The human body is a complex organism. This complexity is possible because interacting proteins, peptides, hormones, and other molecules have specific roles. This specificity can be illustrated by the "lock and key" analogy. The biochemist, on the otherhand, understands and explains molecule specificity through the "dissociation constant", one measurement of affinity between interacting molecules. We take advantage of the differential affinities that exist between interacting molecules in our design of optimal carrier molecules, our drug delivery vehicles, thus creating or enabling potentially superior therapies to treat human disease.

The company's approach to drug delivery focuses on three key interactions, quantified by a dissociation constant (or "Kd") or its reciprocal, the association constant ("Ka"):

A) "Receptor and Drug" - this interaction should have high affinity (the highest of the three for a good therapy, a therapy with minimal side effects).

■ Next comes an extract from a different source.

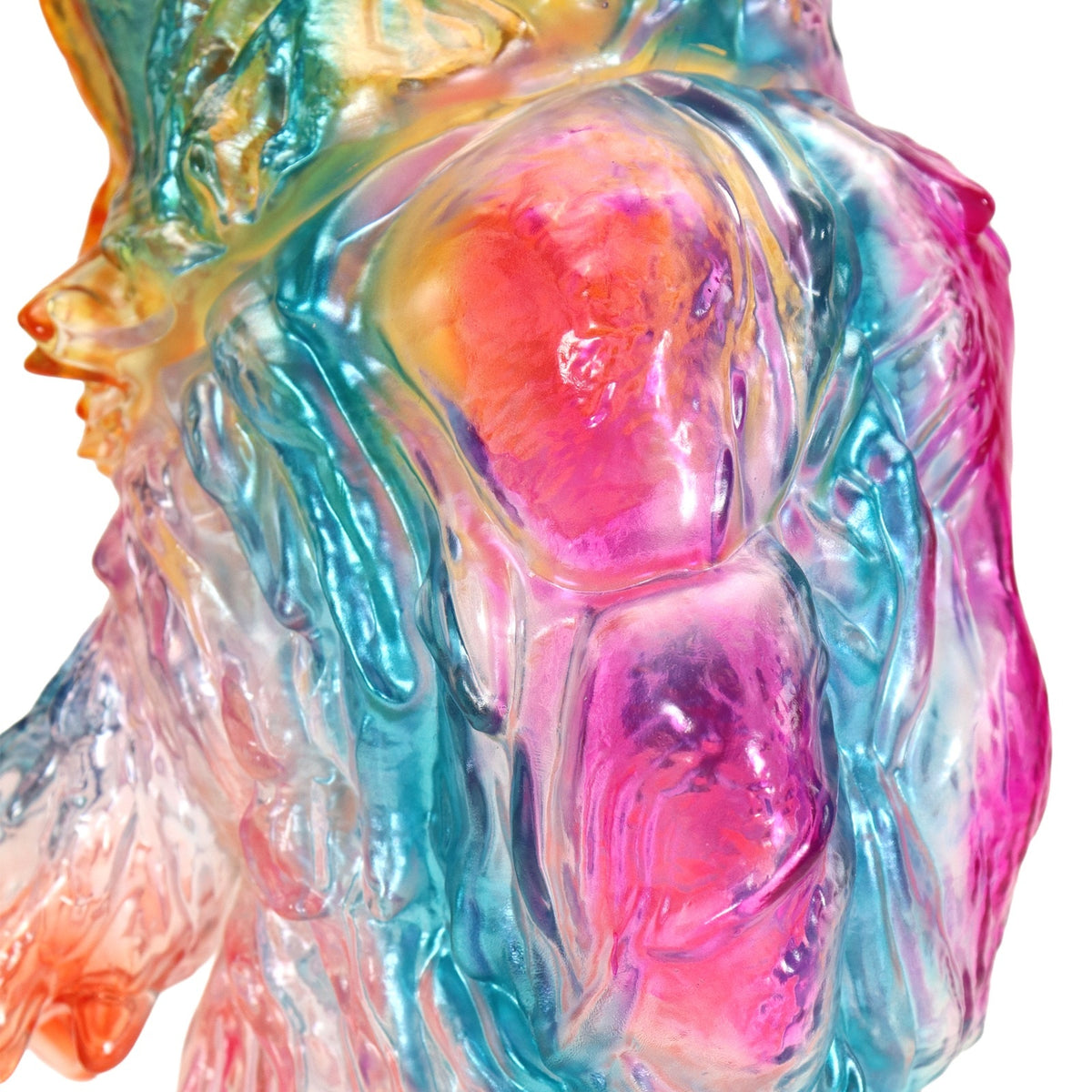 BIG Retro Soft Vinyl Series "Godzilla" Hedorah Psychedelic Clear Ver.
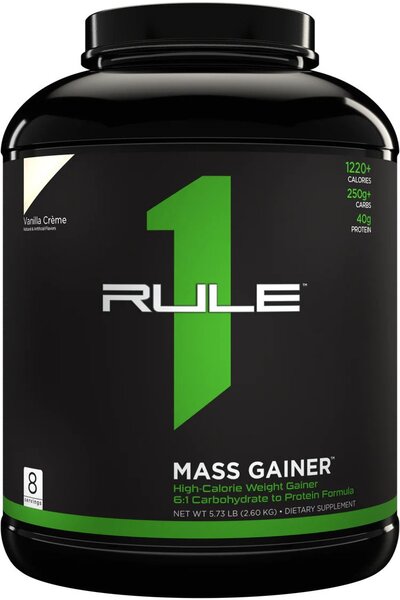 Mass Gainer, Vanilla Creme - 2600 grams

B) "Carrier and Drug" - this interaction should have strong affinity, but weaker than that of a drug and target receptor (so the drug remains a payload until the stronger affinity of the target receptor is present). We can control this interaction to a great extent.

C) "Unintended target and Drug" - this interaction should be the weakest of all three. The affinity between a chosen drug and an unwanted target(s) should play a very minor role in releasing drug payload from the carrier, i.e. the carrier holds drug payload tightly until the higher affinity strength interaction with a target receptor is encountered.

The company's proprietary, and patented, drug delivery platform emphasizes the importance of exploiting the difference between affinities, so that: A > B > C (affinity strengths for each interaction).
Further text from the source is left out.